The first step would be login to AutoNLP:
$ autonlp login --api-key YOUR_HUGGING_FACE_API_TOKEN
If you do not know your Hugging Face API token, please create an account on huggingface.co and you will find your api key in settings. Please do not share your api key with anyone!
Once you have logged in, you can create a new project:
$ autonlp create_project --name single_col_regression_project --language en --task single_column_regression
During creation of project, you can choose the language using “–language” parameter.
The next step is to upload files. Here, column mapping is very important. The columns from original data are mapped to AutoNLP column names. In the data above, the original columns are “sentence” and “label”. We do not need more columns for a single column regression problem.
AutoNLP columns for single column regression problem are:
The original columns, thus, need to be mapped to text and target. This is done in upload command. You also need to tell AutoNLP what kind of split you are uploading: train or valid.
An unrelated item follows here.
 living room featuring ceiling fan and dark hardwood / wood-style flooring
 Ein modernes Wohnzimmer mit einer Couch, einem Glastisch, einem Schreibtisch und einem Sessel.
autonlp upload --project single_col_regression_project --split train \ --col_mapping sentence:text,label:target \ --files ~/datasets/train.csv
Similarly, upload the validation file:
autonlp upload --project single_col_regression_project --split valid \ --col_mapping sentence:text,label:target \ --files ~/datasets/valid.csv
Column mapping is always from original column to AutoNLP column (original_column:autonlp_column).
Please note that you can upload multiple files by separating the paths by a comma, however, the column names must be the same in each file.
Once you have uploaded the files successfully, you can start training by using the train command:
$ autonlp train --project single_col_regression_project
And that’s it!
Your model will start training and you can monitor the training if you wish.